- [THE PROBLEM] Write out exactly the lines below from the one containing "Valentine's Day Personalized" to the last, both ends kept, and nothing more; skip all pictures.

----- RECORD SET

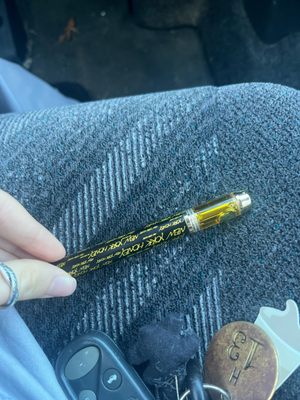 Strain Stars Cannabis Dispensary & Delivery by null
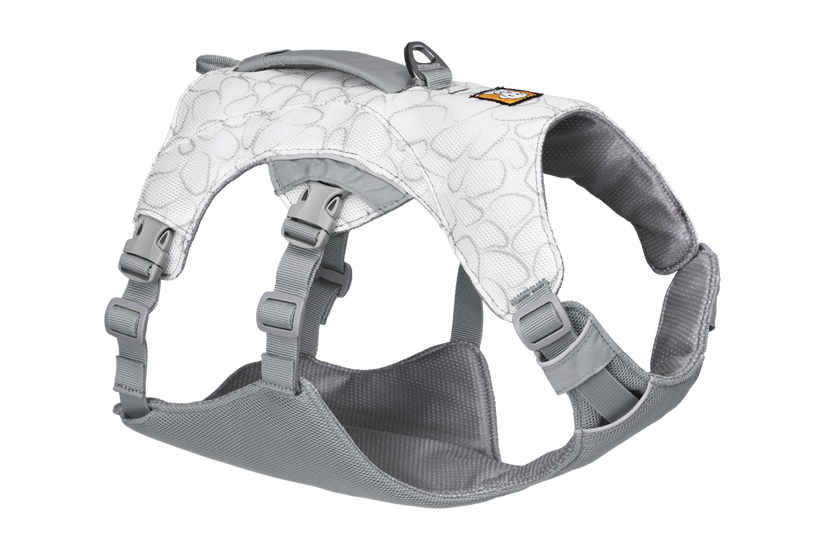 Swamp Cooler™ Dog Cooling H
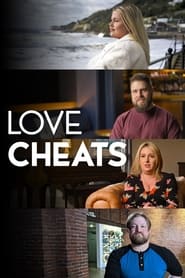 Love Cheats (2024) subtitles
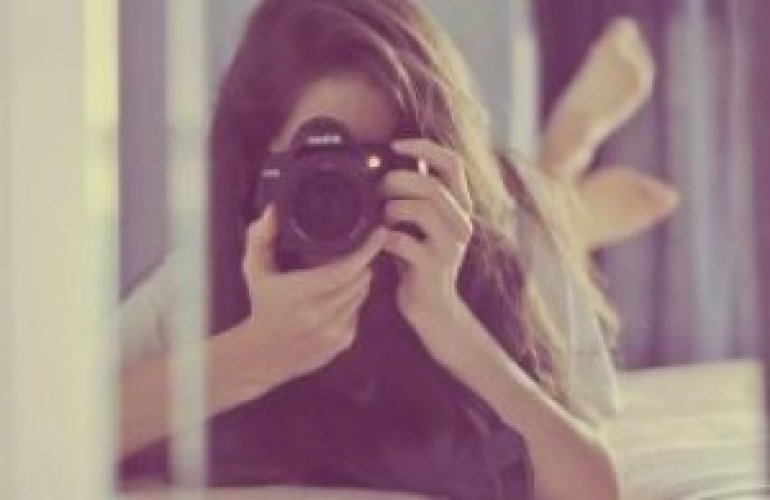 Индивидуалка Карина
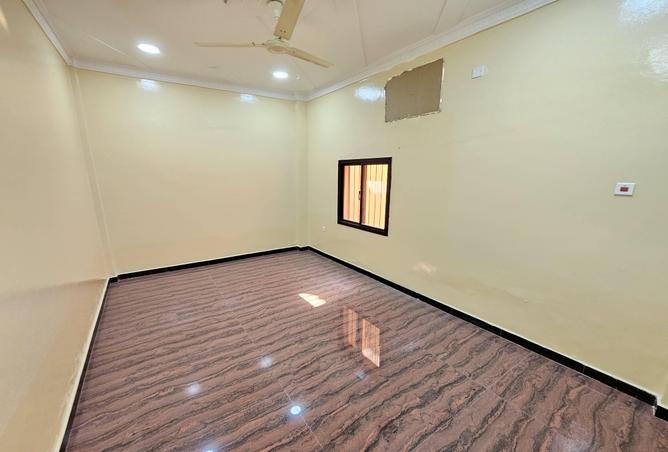 996130 - Property Image 3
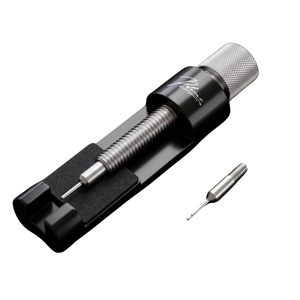Pelvani® – Stainless Steel Adjustment Tool
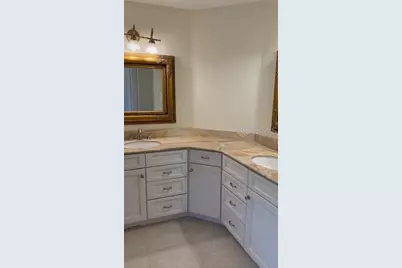 14747 Green Valley Boulevard, Clermont, FL 34711 - Photo 27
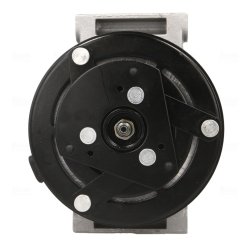 AC Compressor NISSENS 89217 OE Ref 8200021822 NISSENS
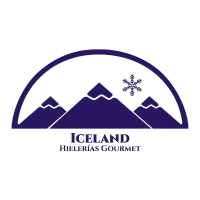 Marca 9 de Dilo Con Detalles Hmo | Personaliza tus regalos | Envío en todo México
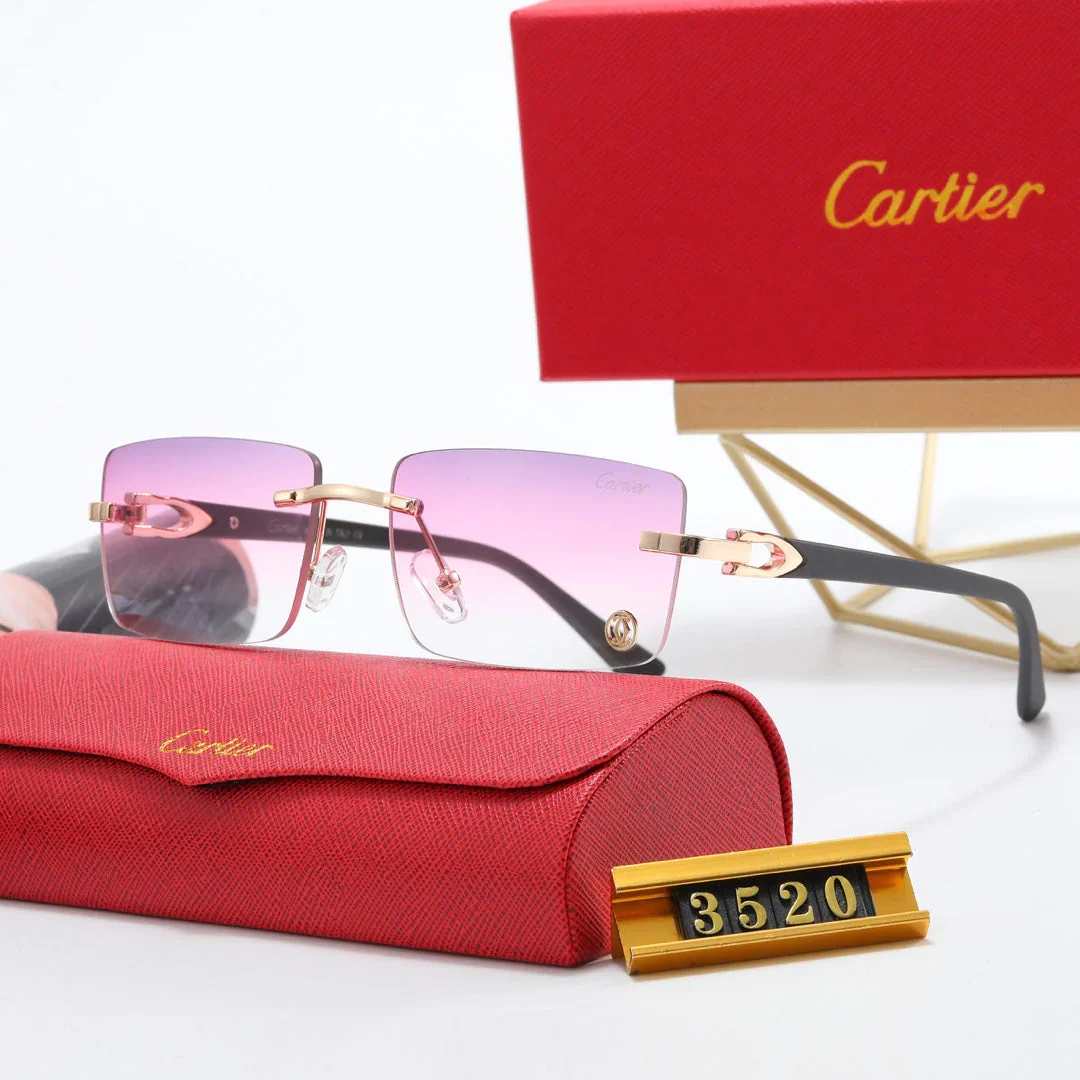 7 color fashion car letter polarized sunglasses 7 color fashion car letter polarized sunglasses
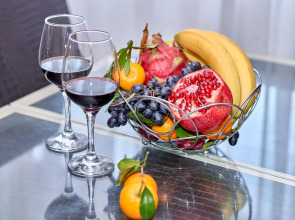 Viahome (Виахоум) на улице Днепровская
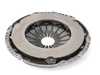 ES#4488079 - 3000-332-001 - Clutch Kit - 228mm Clutch Kit - Sachs - Volkswagen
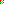 Destellos dst-7049616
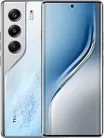 Tecno Camon 40 Pro 4G - Hydrogél kijelzővédő fólia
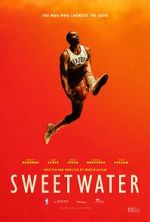Watch Sweetwater Zmovies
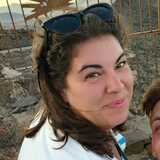 Belen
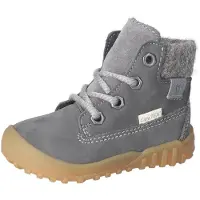 Pepino by Ricosta - Kid's Deany - Botas invierno size 22, gris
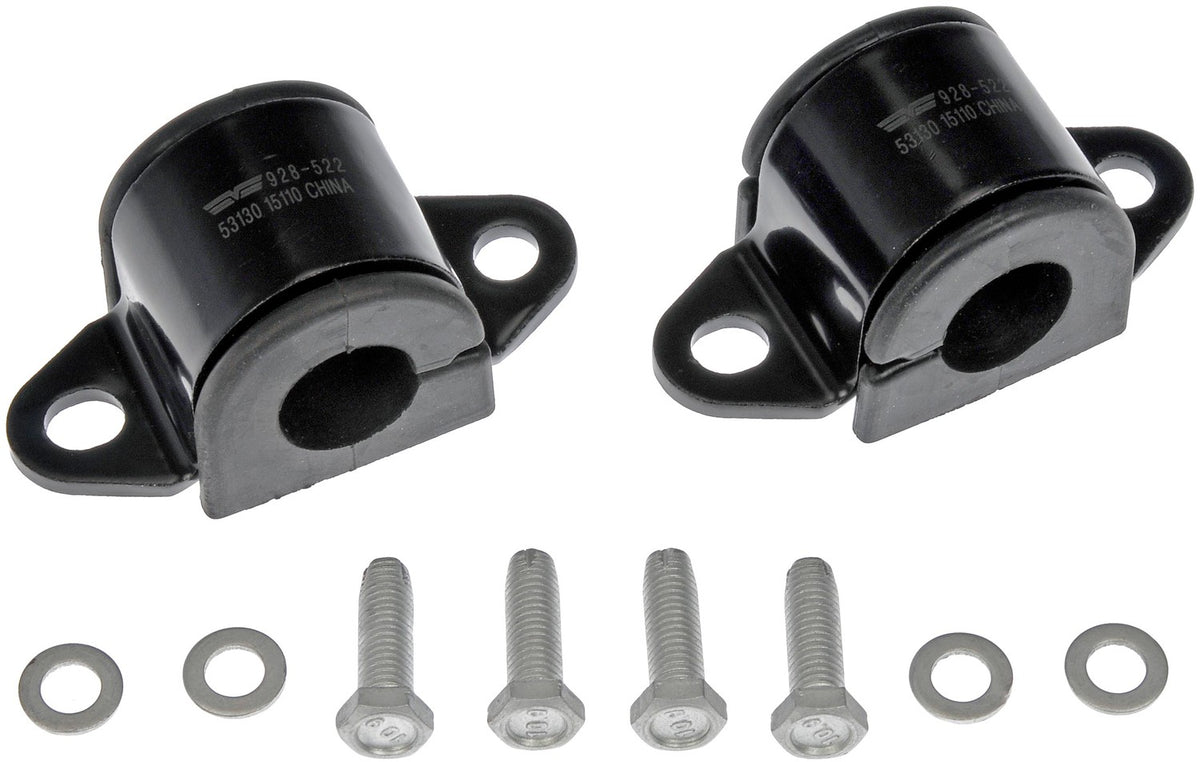 Dorman - OE Solutions STABILIZER BAR BUSHING KIT 928-522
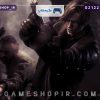 برای Resident Evil 4 Remake یک DLC رایگان منتشر خواهد شد | گیم شاپ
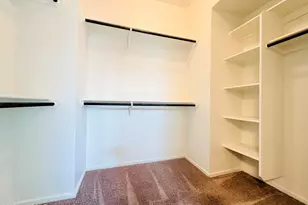 478 S Contempo Dr, Tucson, AZ 85710 - Photo 16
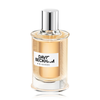 David-beckham-classic-aftershave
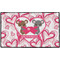 Valentine's Day Personalized - 60x36 (APPROVAL)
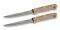   NAVA TERRESTRIAL INOX 2TMX (2...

----------

- [REPLY TO THE EXERCISE]
 Valentine's Day Personalized - 60x36 (APPROVAL)
   NAVA TERRESTRIAL INOX 2TMX (2...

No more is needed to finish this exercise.